Enclosure, Annagh More, Co. Kerry
Co. Kerry |
Enclosures
On a south-west-facing slope above the valley of the Flesk River, a circular enclosure sits half-swallowed by bog, its stone walls emerging intermittently from the ground like a sentence interrupted mid-thought.
What makes it quietly strange is the way the structure both survives and disappears: on the north-east arc, an inner and outer row of upright contiguous stone slabs, each around 1.1 metres high and set close together, define a wall that is infilled with stones and clay. On the south-west side, where the bog runs deeper, the enclosing element vanishes entirely, leaving a gap that is less an entrance than an absence.

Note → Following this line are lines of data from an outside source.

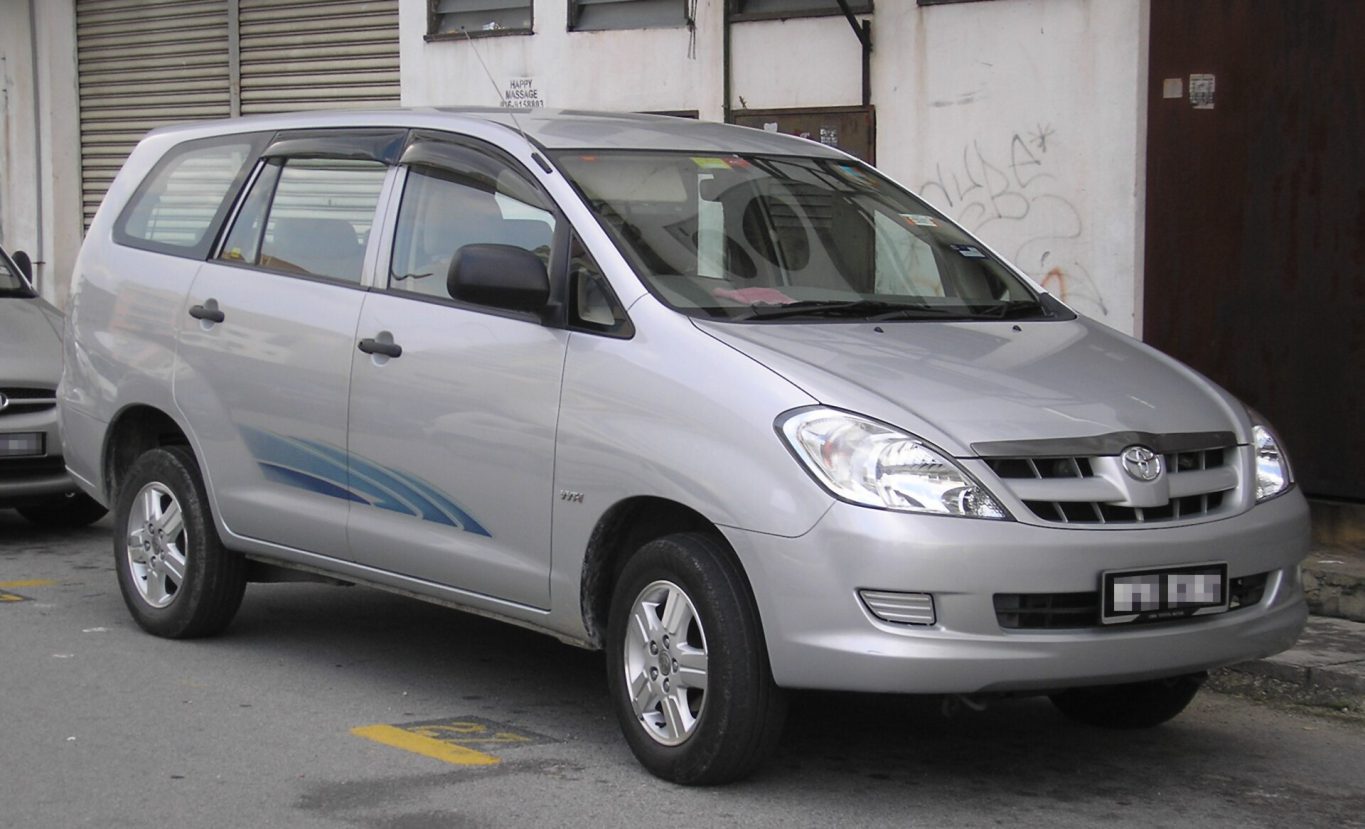 Toyota Innova Cross — ảnh 9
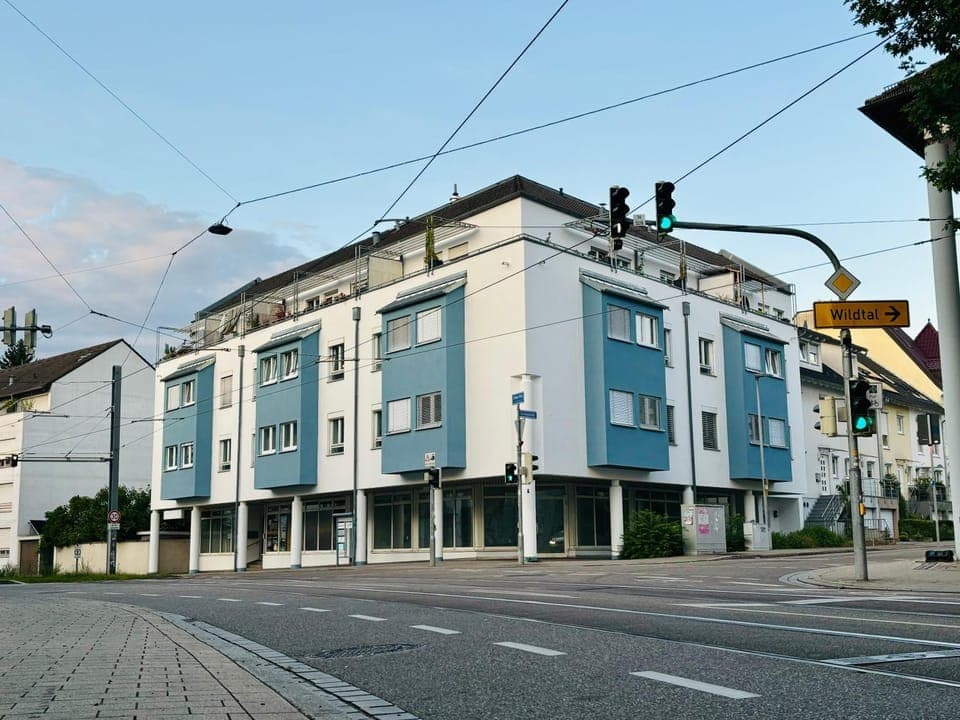 Property building, Neighbourhood, Street view, Location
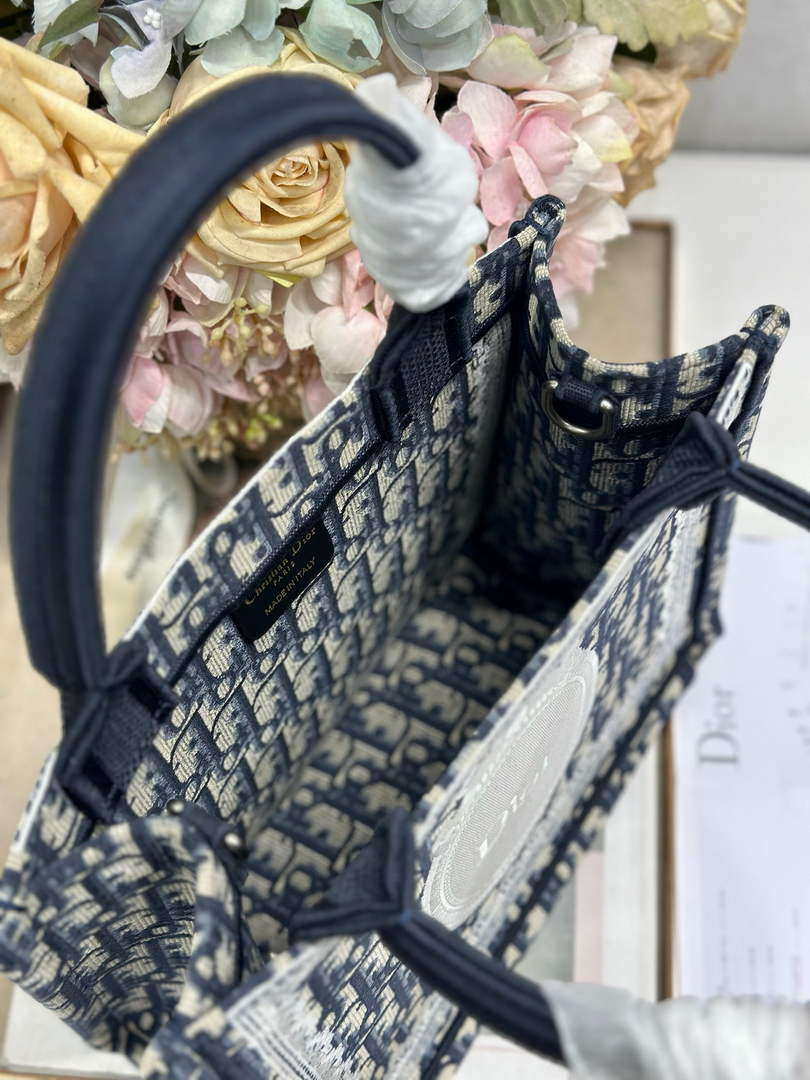 Dior Small Book Tote with Strap – Navy Oblique with White Lace - Default Title - View 5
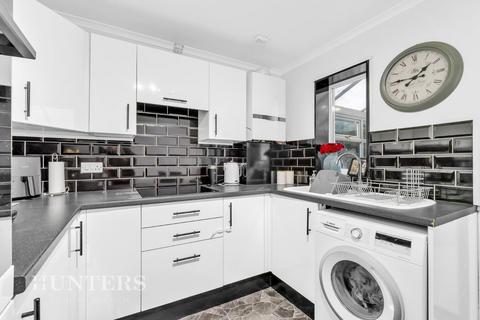 2 bedroom semi-detached house for sale, Bottomfield Close, Oldham
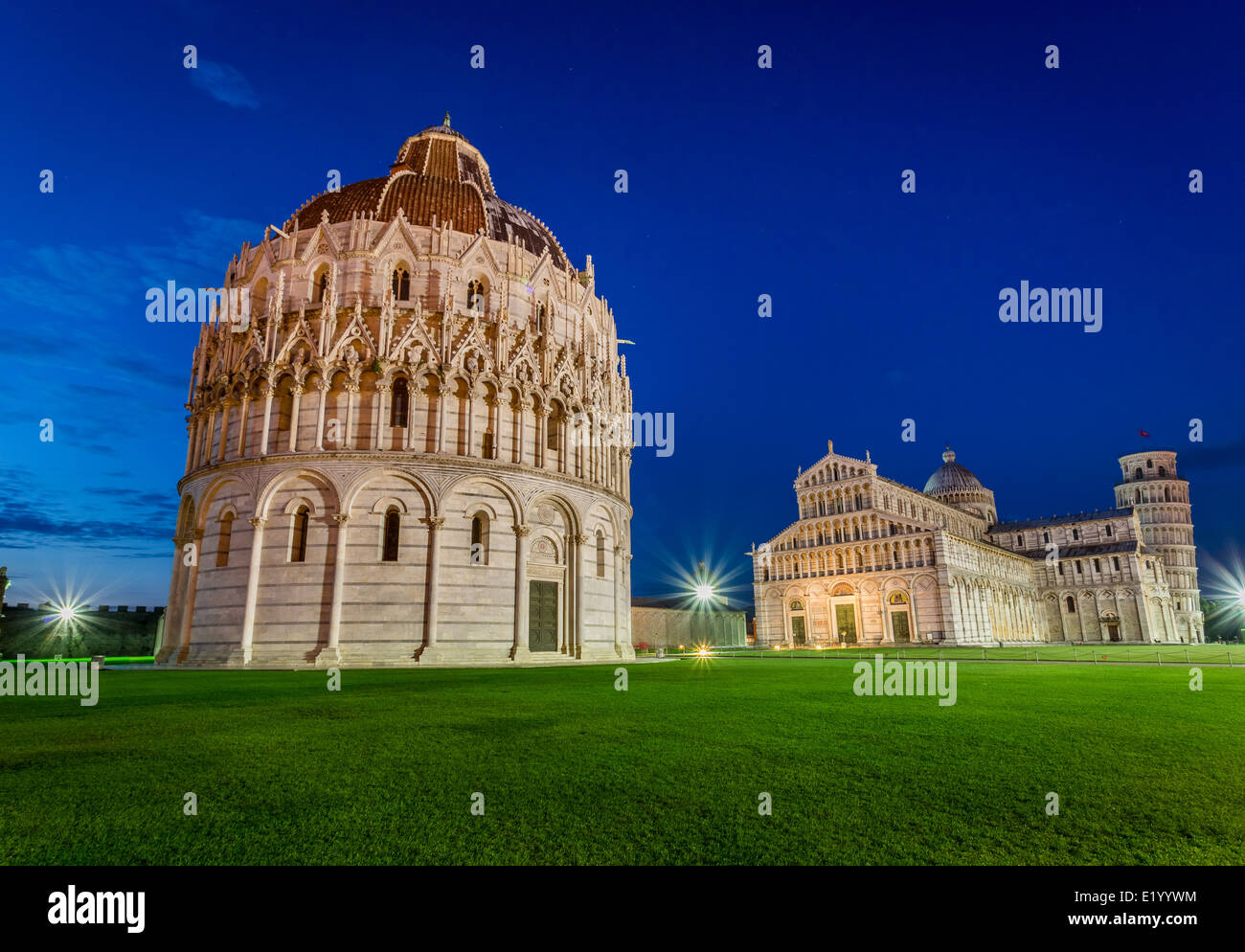 Antike Monumente in Pisa bei Sonnenuntergang Stockfoto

The enclosure measures roughly 23 metres in diameter, and whoever built it adapted the hillside rather than simply sitting the structure upon it. The north-west arc has been cut some 0.75 metres into the upslope, creating a level interior, which is a practical technique common to enclosed settlements where a sloping site would otherwise make the interior unusable. Within the southern sector there is a hut site, and immediately to the north-west the ground retains traces of relict field walls, the low, irregular remains of agricultural boundaries that once organised this rough pasture into workable land. A second enclosure lies about 25 metres to the south-east. Together, these features suggest not an isolated monument but a small cluster of connected activity, a fragment of a landscape in which people lived, farmed, and built enclosures whose exact age and purpose the surviving remains do not, on their own, resolve.